Les musulmans noirs ont également créé un espace virtuel pour eux-mêmes avec Sapelo Square, un blog qui se veut «un espace de rassemblement qui s'appuie sur la longue tradition de l'islam en Amérique noire et reflète la vitalité de cette communauté». Depuis 2016, à chaque ramadan, des contributeurs sont invités à proposer des réflexions sur des passages du Coran à travers le prisme tant religieux qu’ethnique. Dans l’une d’elles, le sort de la mère de Moïse, tel que raconté dans le chapitre 20 du Coran est comparé à la façon dont les enfants des femmes noires réduites en esclavage leur ont été enlevés et «vendus sur le fleuve (Mississippi)». Dans une autre, l’espoir est trouvé dans l'histoire coranique du prophète Joseph.

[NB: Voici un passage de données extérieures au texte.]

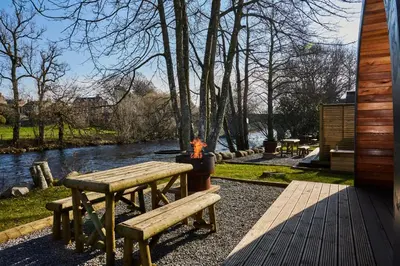 a picnic table with a fire next to a river at Braidhaugh Holiday Lodge and Glamping Park in Crieff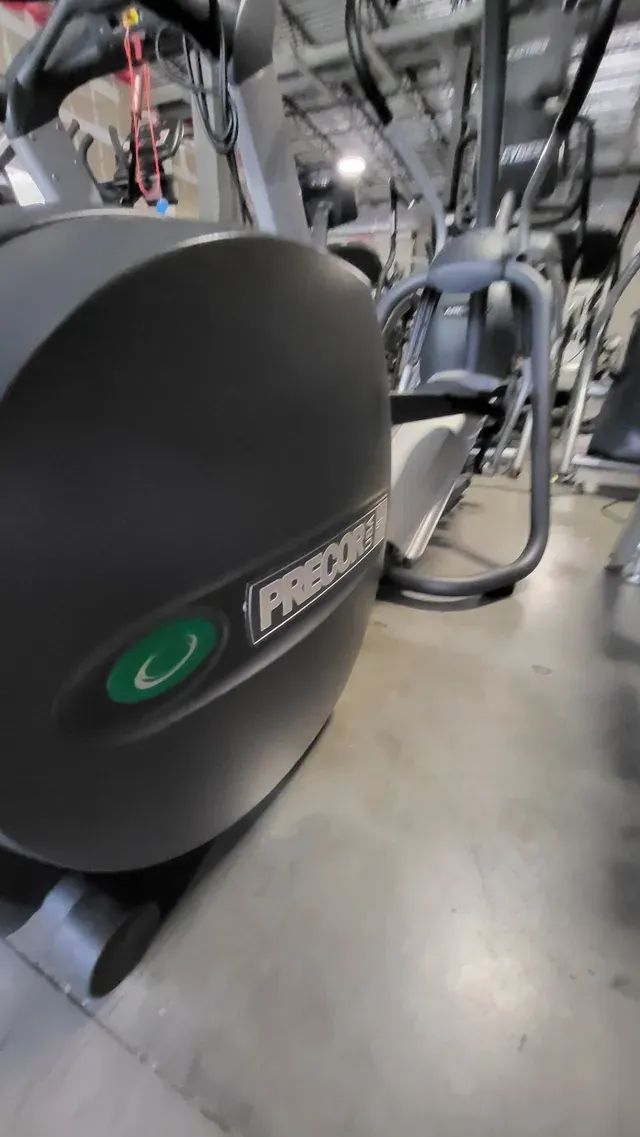 A black elliptical machine is sitting on a concrete floor in a gym.
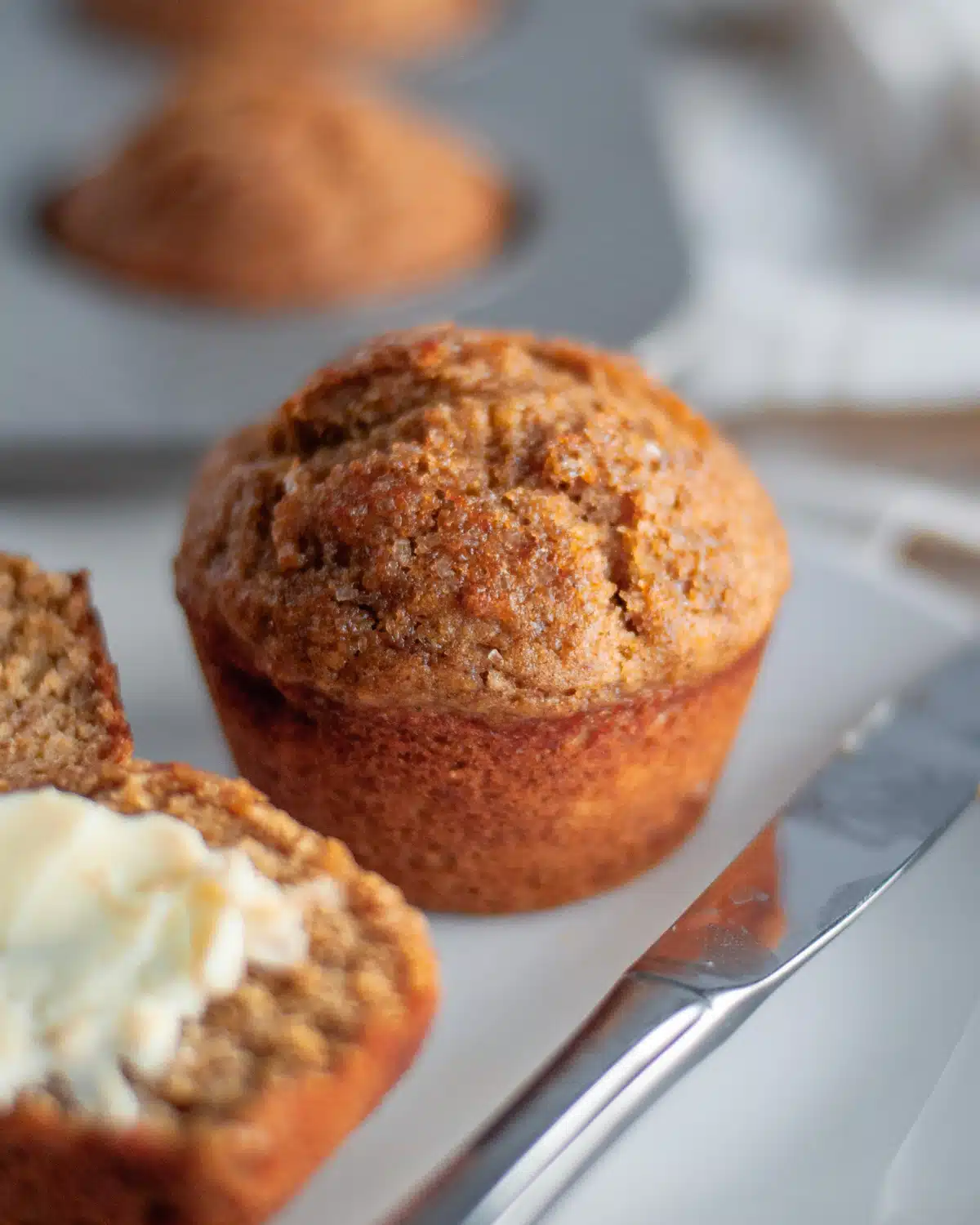 a single wheat germ muffin in the foreground with a pan of muffins in the background.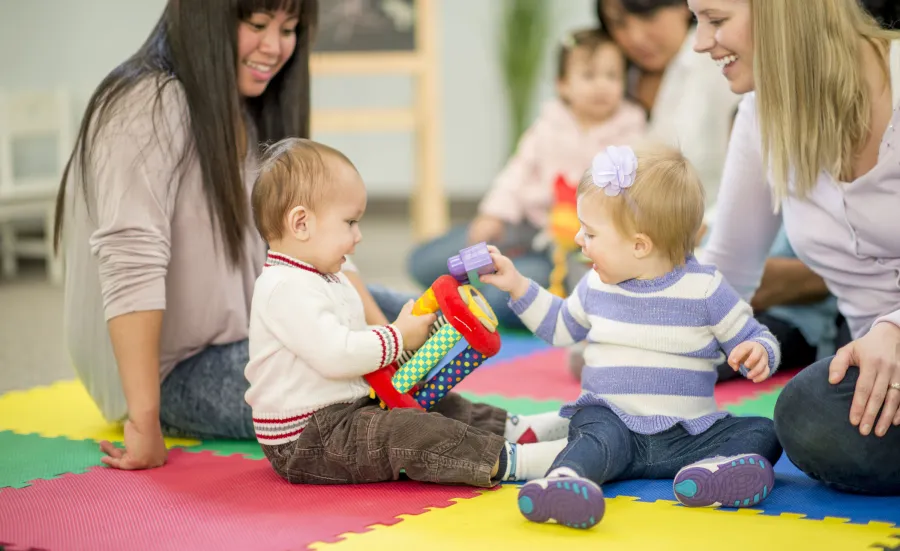 Parents playing with their children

Ces conversations en ligne ont permis d'établir des liens entre les personnes. L'année dernière, Samira Abderahman, basée à Chicago, a lancé Black Iftar, une série d'événements visant à rassembler «les musulmans noirs et leurs amis» dans neuf villes du pays. «Beaucoup de musulmans noirs appartenant à différentes communautés ne se connaissaient pas nécessairement ou ne passaient pas de temps ensemble. L'objectif était littéralement de rassembler ces gens, de les mettre tous dans une pièce avec l'intention de rompre notre jeûne ensemble et de construire ainsi une communauté.»